Suddenly she started. A figure had come into sight round the nearest prow. For an instant her hand gripped a round of the ladder, a preparatory move for upward flight. Then her hand relaxed.
“Oh!” she breathed, “It’s you!”
“Yes, it is I, Mark Pence,” said a friendly boyish voice.
“I—I suppose I should be afraid of you,” said Lucile, “but I’m not.”
“Why? Why should you?” he asked with a smile.
“Well, you see everyone about this old dry dock is so terribly mysterious. I’ve just had an awful fright.”
“Tell me about it.” Mark Pence smiled as he spoke.
Seating herself upon the flukes of an up-ended anchor she did tell him; told him not alone of her experience that night, but of the one of that other night in the Spanish Mission.
“Do you know,” he said soberly when she had finished, “therearea lot of mysterious things happening about this dock. I don’t think it will last much longer, though. Things are sort of coming to a head. Know what those two policemen were here for?”
Lucile shook her head.
“Made a call on the Chinks, down there in the old scow. Came to look for something. But they didn’t find it. Heard them say as much when they came out. They were mighty excited about something, though. Bet they thought it was mighty strange that there was a stairway in that old scow twenty feet deep.”

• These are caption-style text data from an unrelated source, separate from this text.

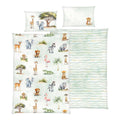 Vendbart sengetøy safari renforcé bomull 40x60/100x135 cm forfra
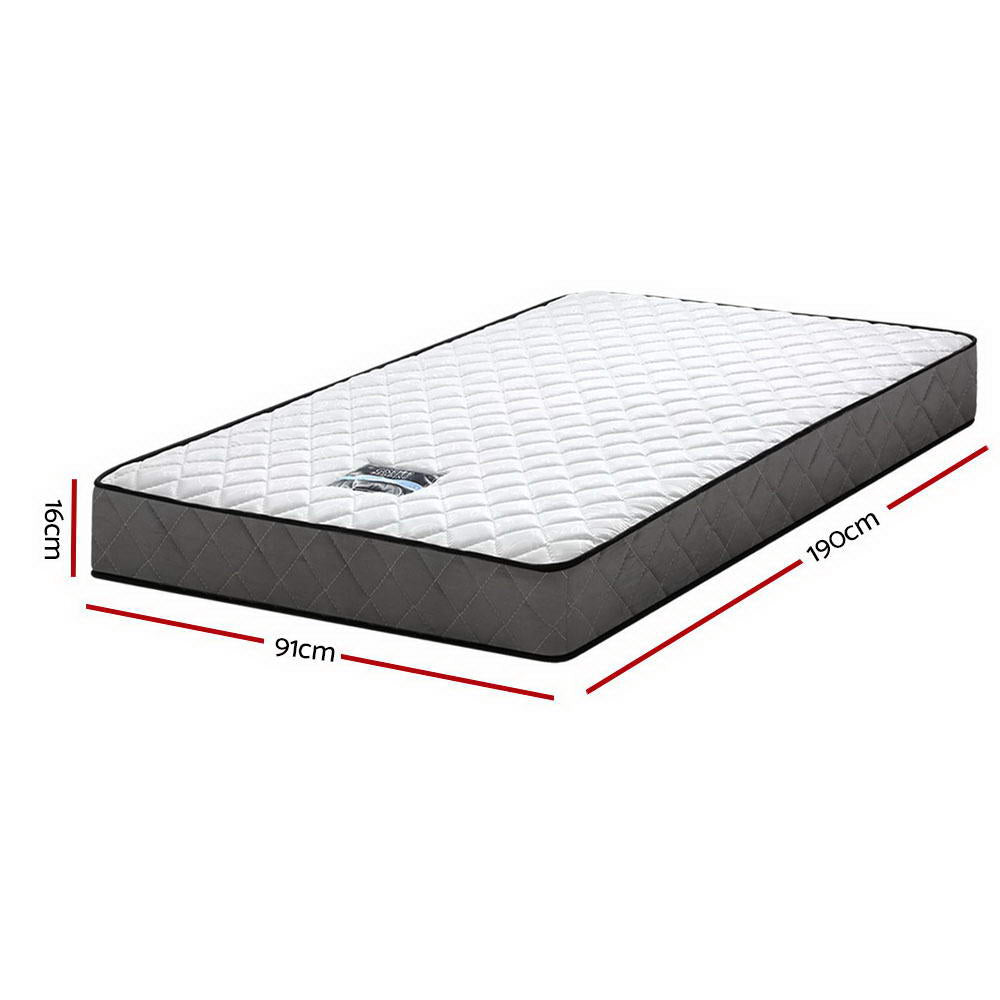 Giselle Bedding Alzbeta Bonnell Spring Mattress 16cm Thick – Single Giselle Bedding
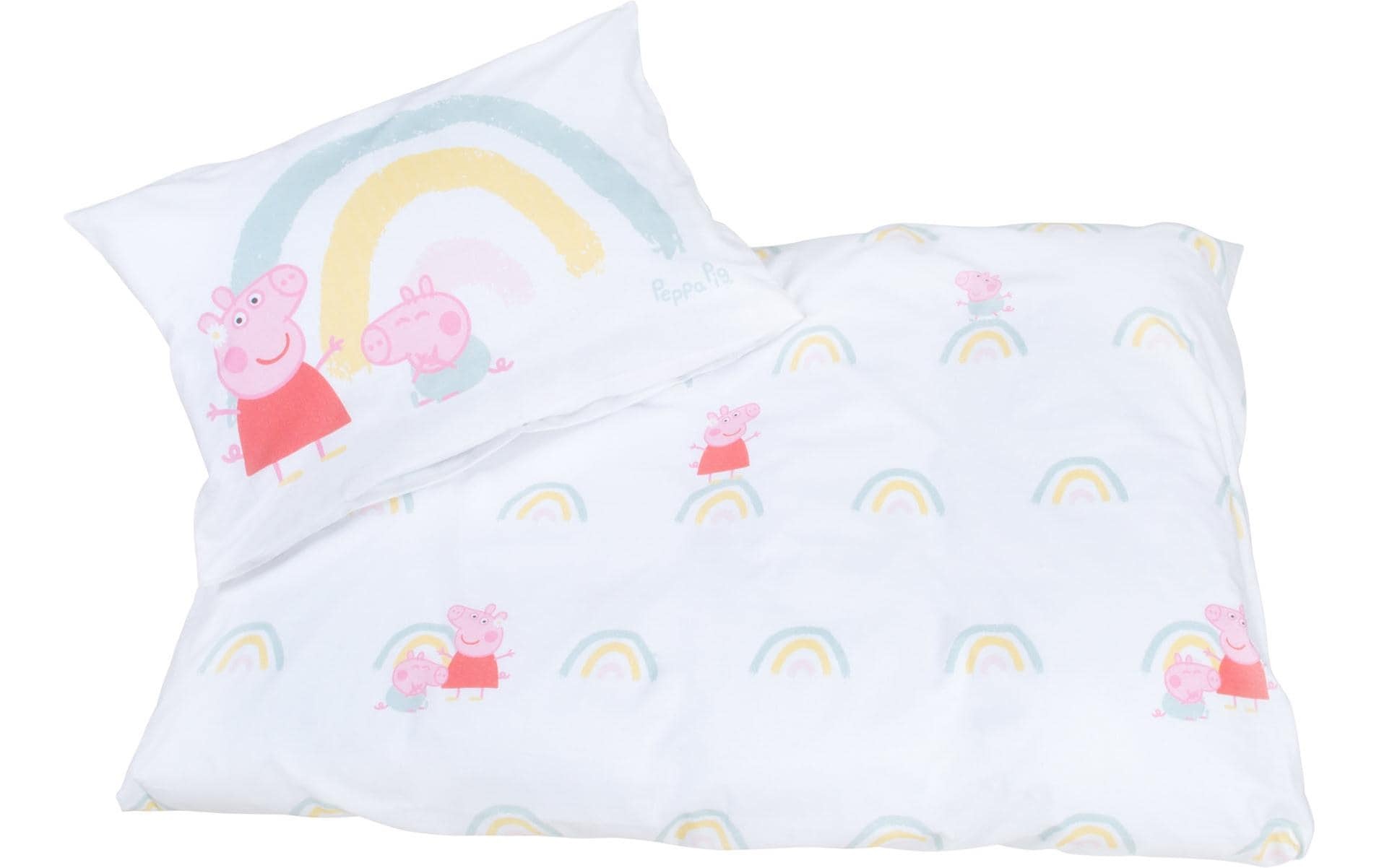 roba® Linge de lit pour enfants »Peppa Pig 100 x 135 cm + 40 x 60 cm«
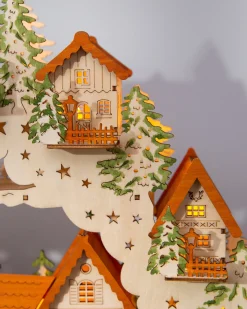 Clearance Lit Wooden Animated Scenes Decorative Accents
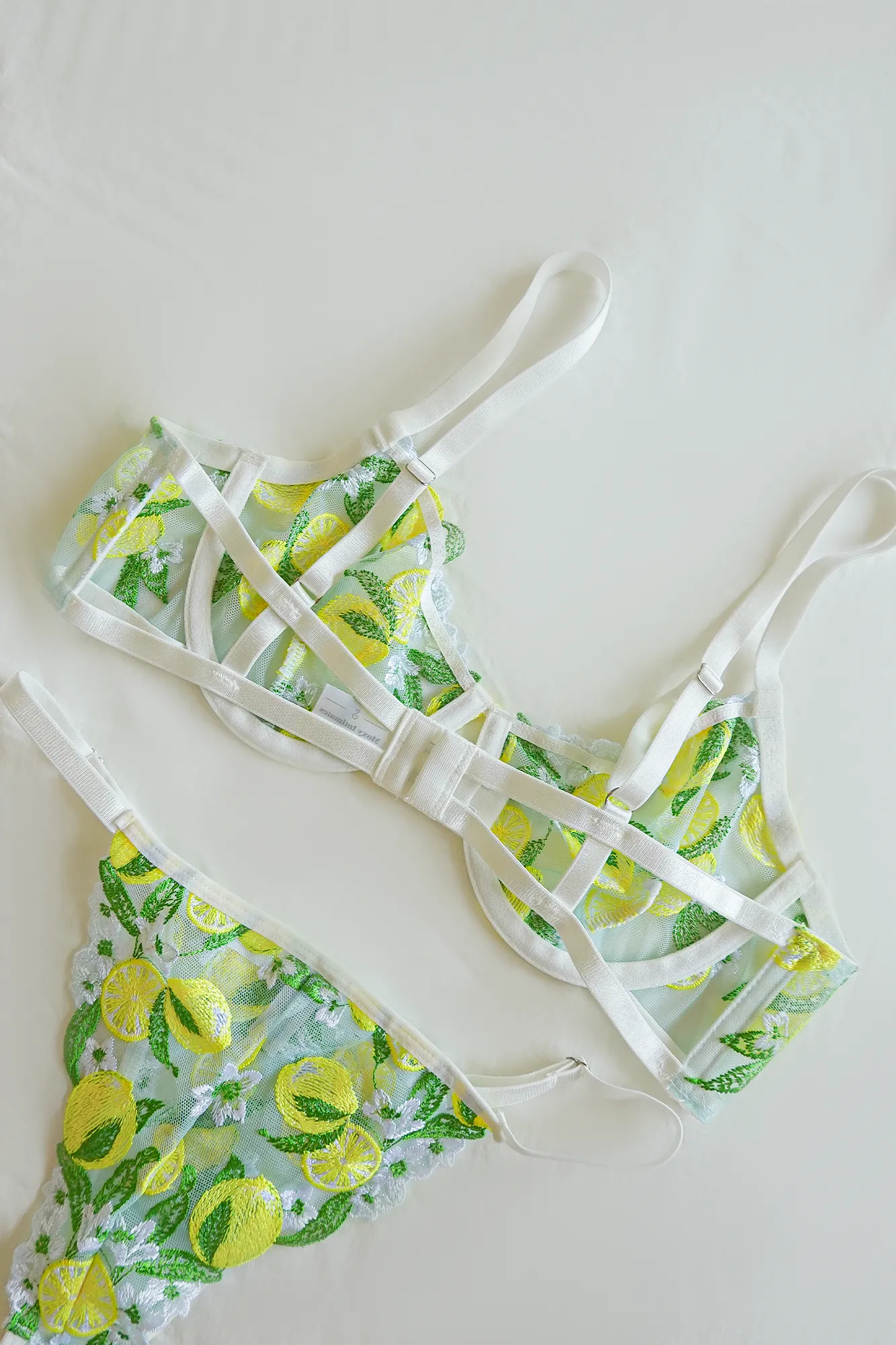 Lemon Lingerie Set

“Are—are you sure about that stairway?”
The boy’s reply was confident:
“Sure’s I am that I’m standing here.”
Lucile protested:
“But most folks don’t use circling stairways much. They don’t know—”
“I do though. I work in a library. There are scores of circling stairways among the stacks and I know just how high each one is.”
“Itisqueer about that stairway,” Lucile breathed. “I must be going up. I’m getting chill sitting here.”
“Well, good-bye.” Mark Pence put out his hand and seized hers in a friendly grip. “Just remember I’m with you. If you ever need me, just whistle and I’ll come running.”
“Thanks—thanks—aw—awfully,” said Lucile, a strange catch in her throat.
Her eyes followed him until the boat’s prow had hidden him; then she hurried up the rope-ladder and into the cabin. She was shivering all over, whether from a chill or from nervous excitement she could not tell.
The other girls came in a few moments later. For an hour they sat in a corner, drinking hot chocolate and telling of their night’s adventures. Then they prepared themselves for the night’s rest.